----- Recorded information

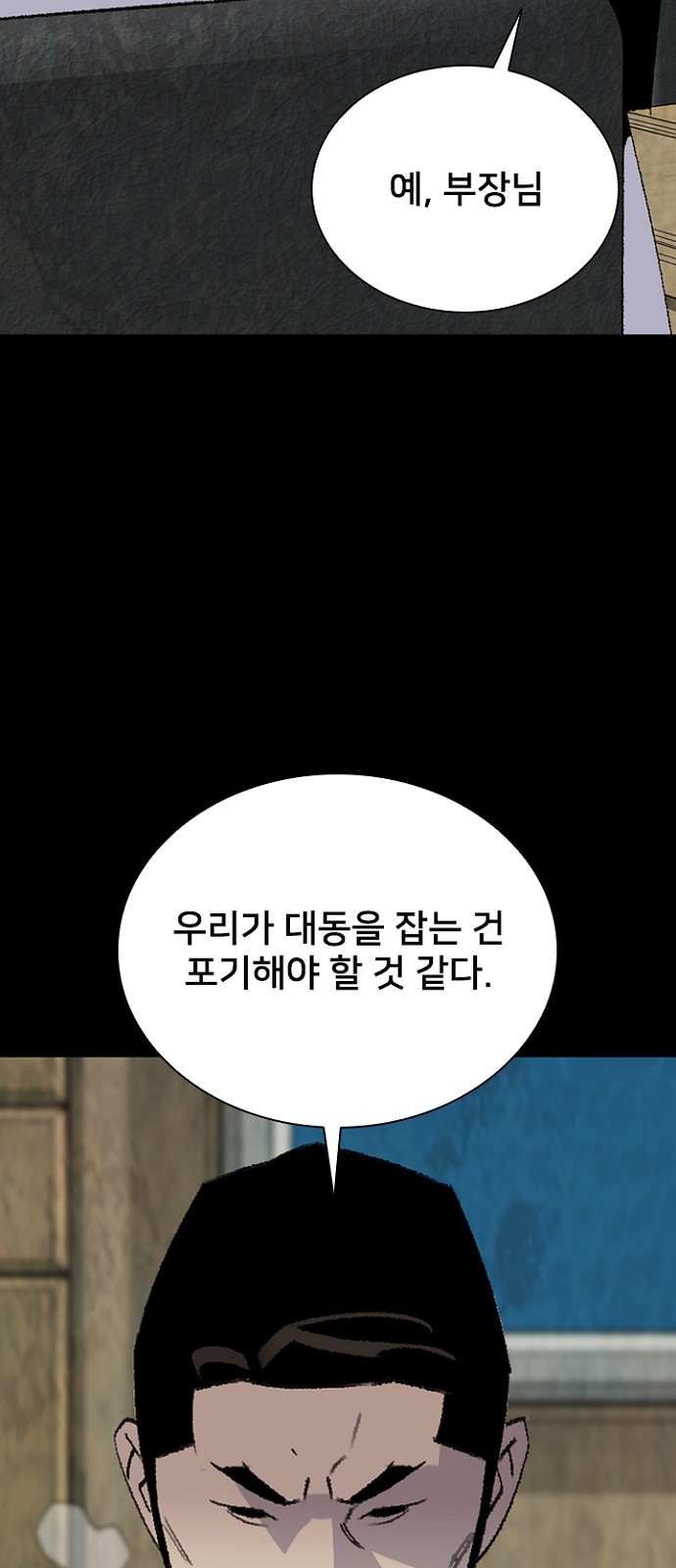 83 페이지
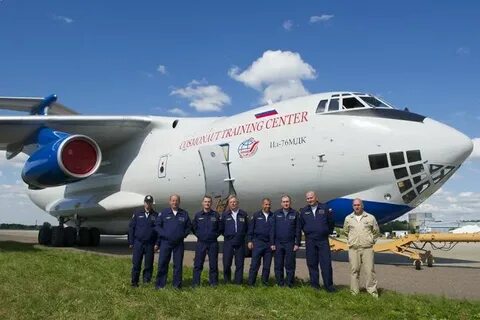 Ил 2022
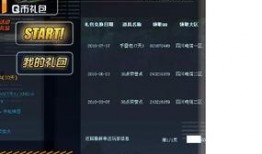 cf幸运抽奖最新爆料,最新爆料带你领略惊喜瞬间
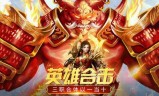 最新传奇手游月灵版的简单介绍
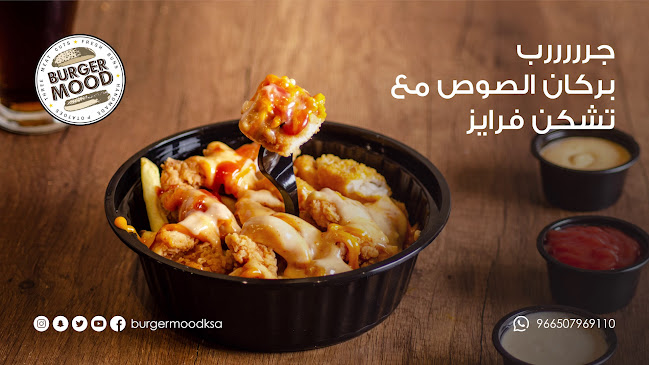 مود برجر || Mood Burger - الضيافة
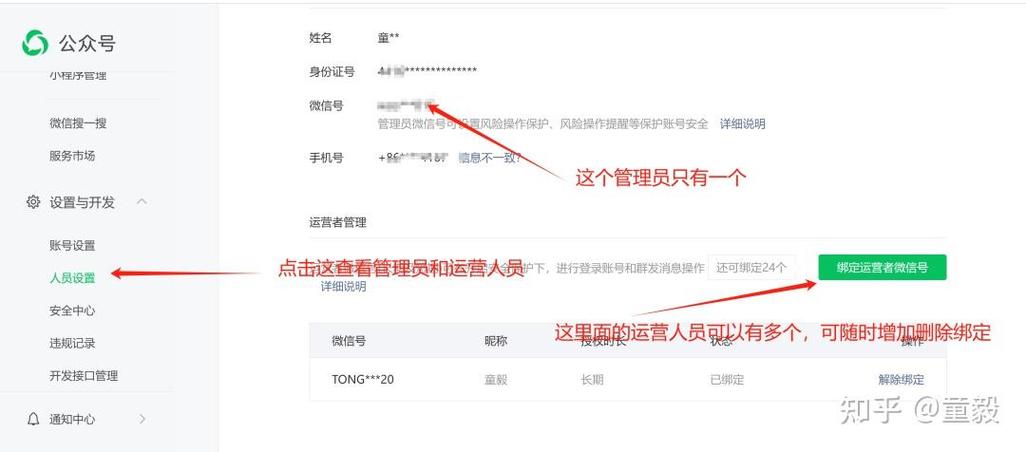 请完善管理员身份信息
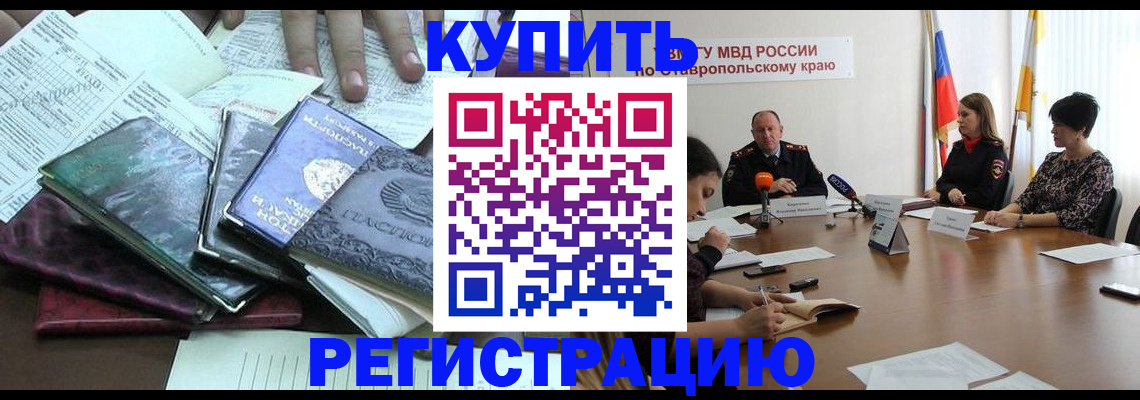 прописка иностранных граждан в Кольчугино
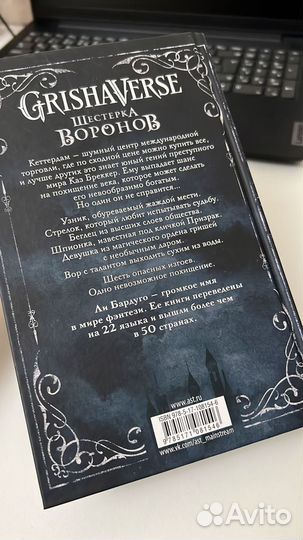 Книга шестерка воронов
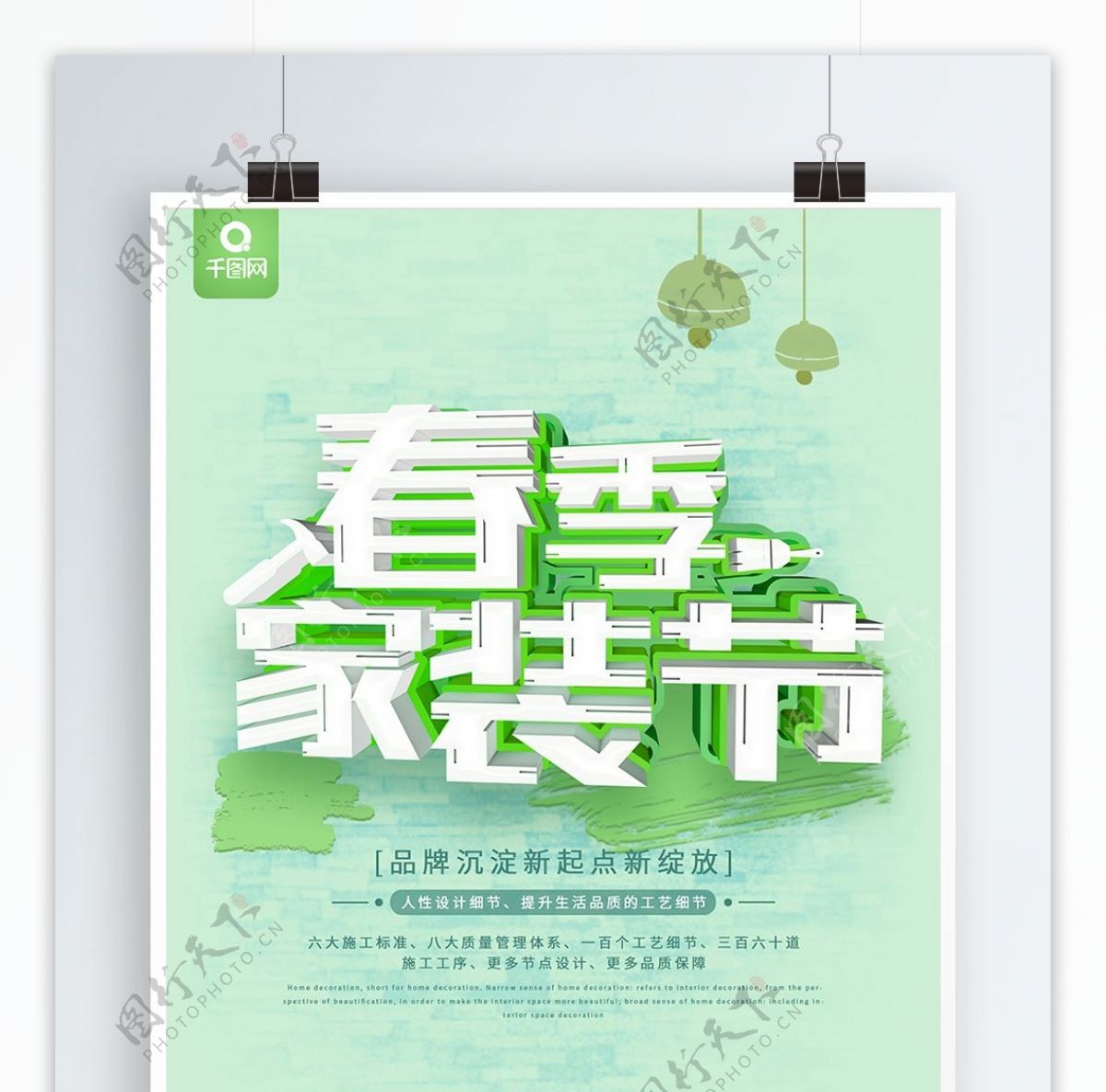 绿色简约风春季家装节宣传海报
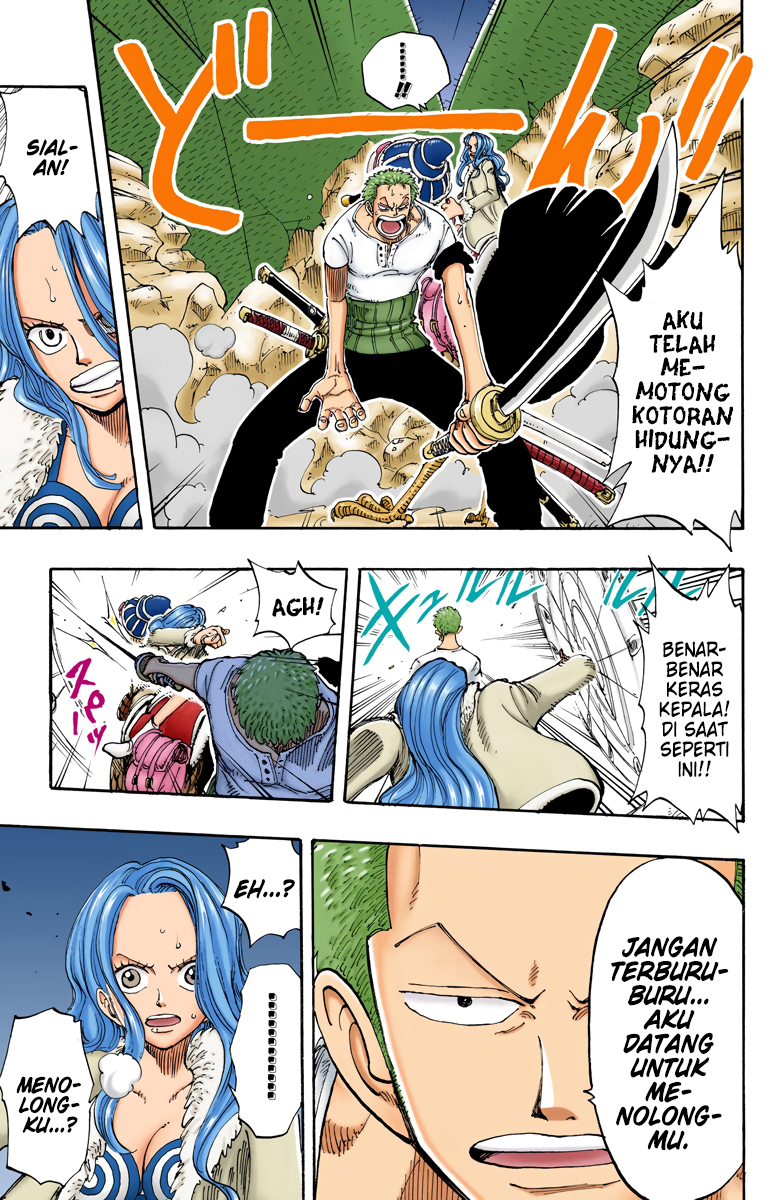 One Piece (Official Colored) Chapter 111 - halaman 13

----------

→ **Task**: Transcribe all records verbatim and omit each image.

→ **Exercise output**:
 83 페이지
 Ил 2022
 cf幸运抽奖最新爆料,最新爆料带你领略惊喜瞬间
 最新传奇手游月灵版的简单介绍
 مود برجر || Mood Burger - الضيافة
 请完善管理员身份信息
 прописка иностранных граждан в Кольчугино
 Книга шестерка воронов
 绿色简约风春季家装节宣传海报
 One Piece (Official Colored) Chapter 111 - halaman 13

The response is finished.